- **Your task**
What is wanted is the full listing, word for word, without its pictures.

- **Material provided**
──────

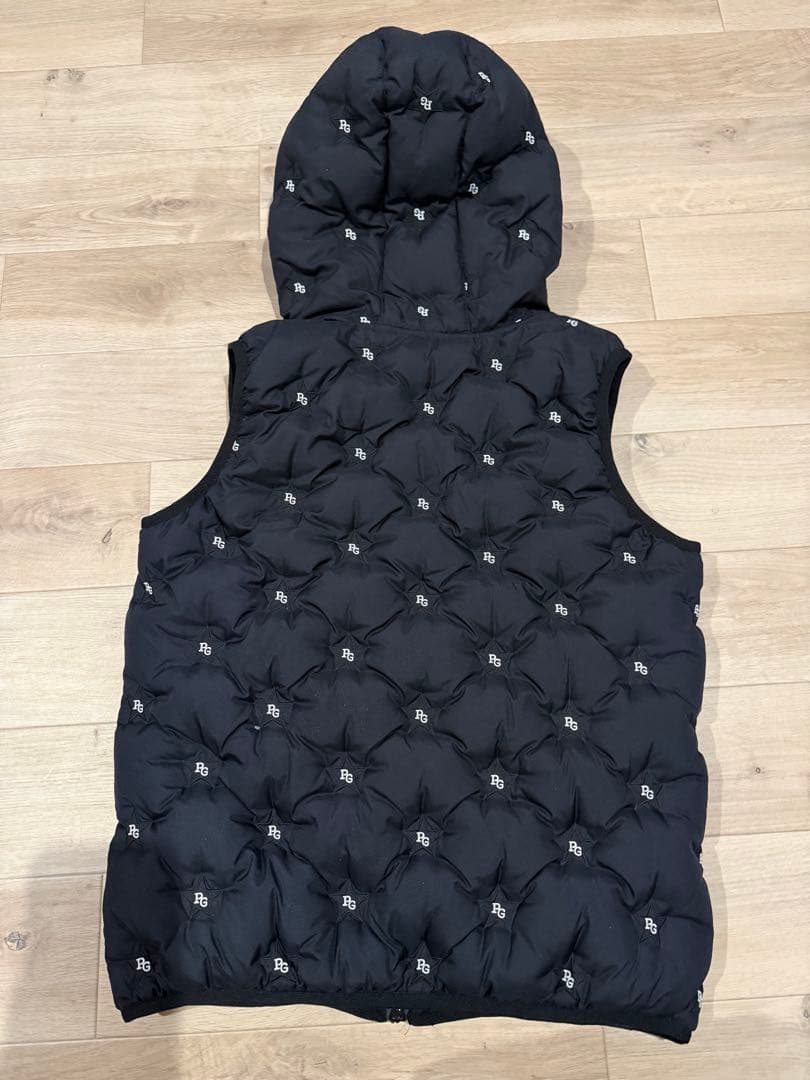【試着のみ】PEARLY GATES フード付きダウンベスト サイズ0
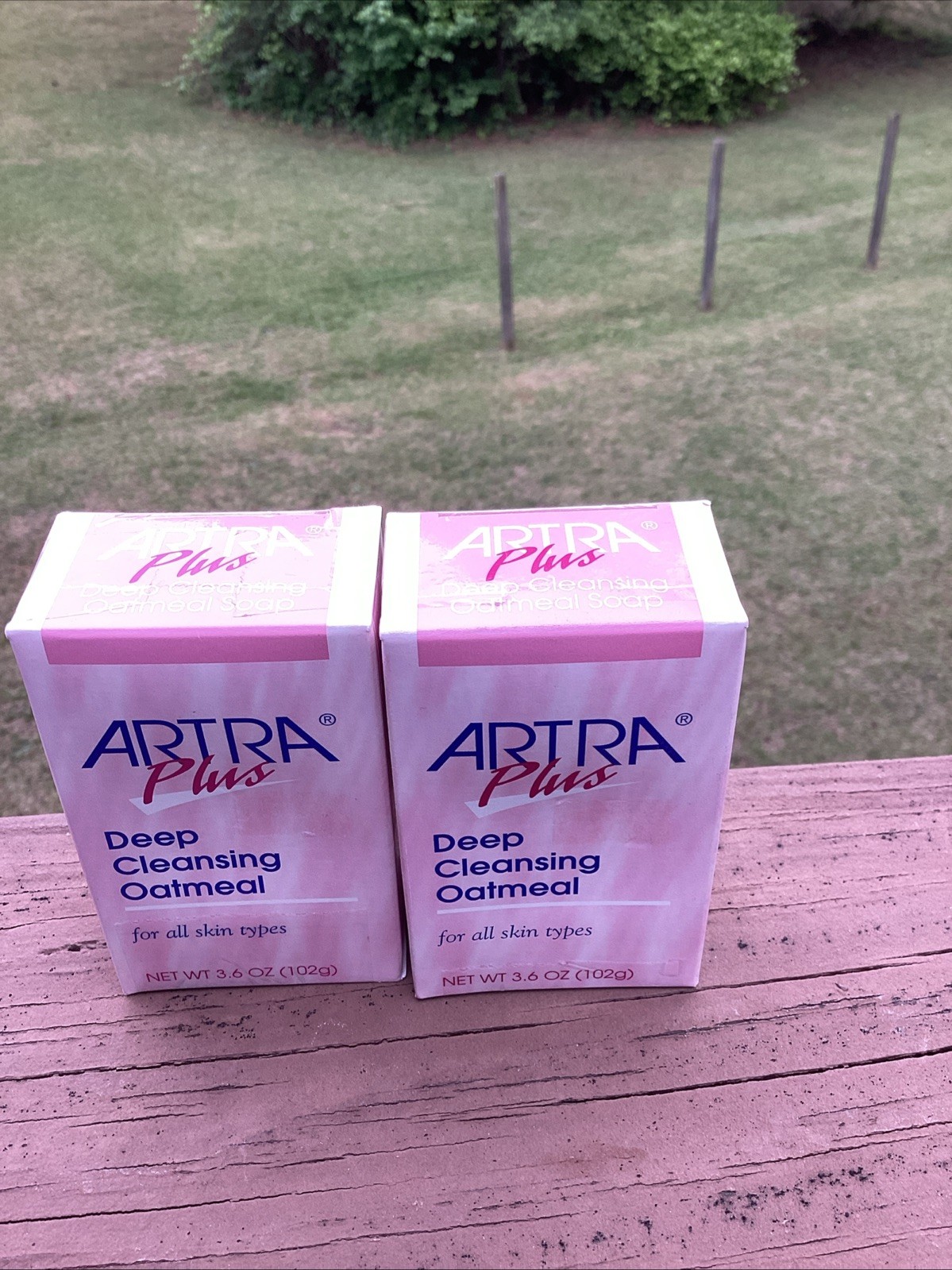 Artra Plus Deep Cleansing Oatmeal Soap 3.6 Oz. Each Lot of 2
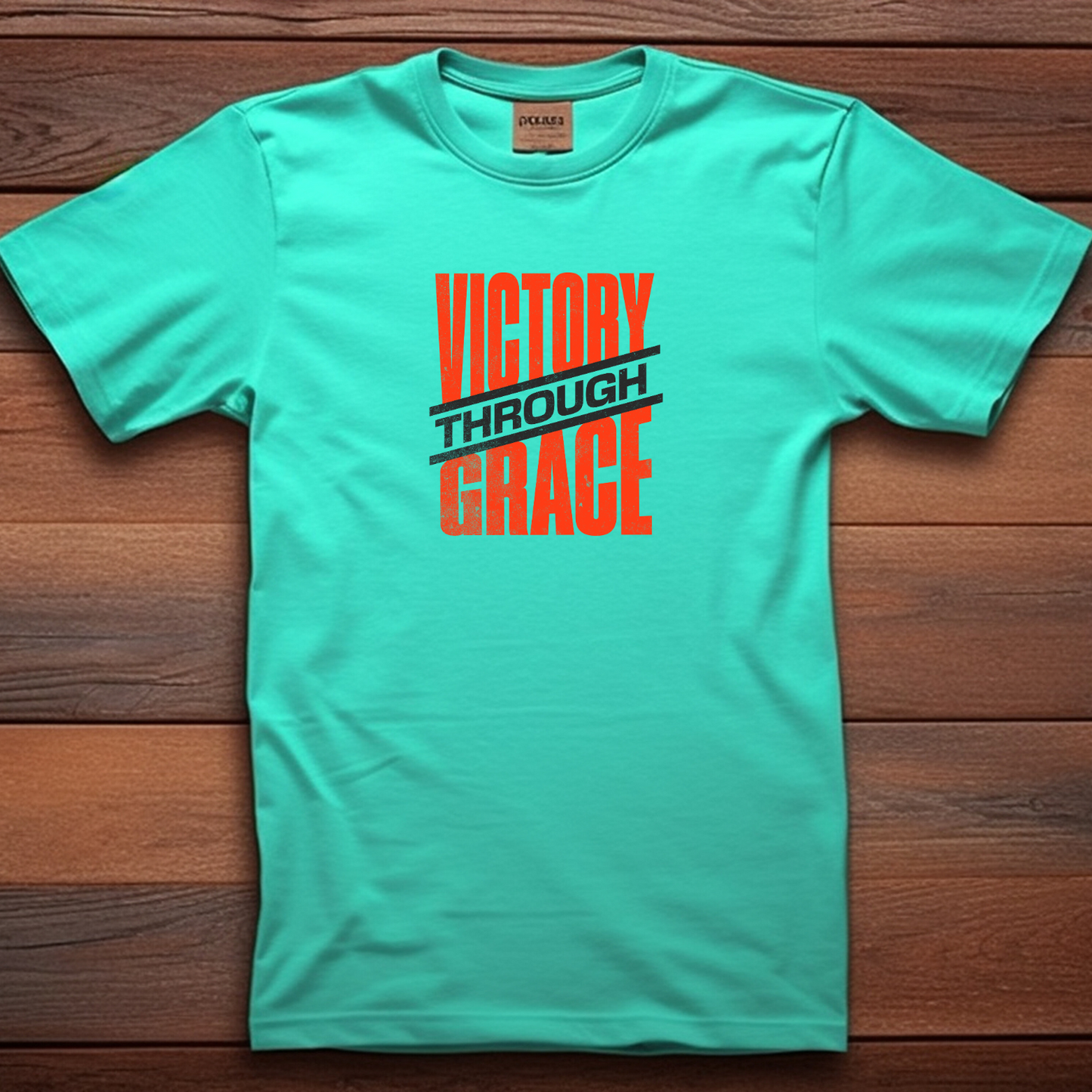 Victory Through Grace - Triumph Christian T-Shirt for Overcomers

──────

- **The answer**
【試着のみ】PEARLY GATES フード付きダウンベスト サイズ0
 Artra Plus Deep Cleansing Oatmeal Soap 3.6 Oz. Each Lot of 2
 Victory Through Grace - Triumph Christian T-Shirt for Overcomers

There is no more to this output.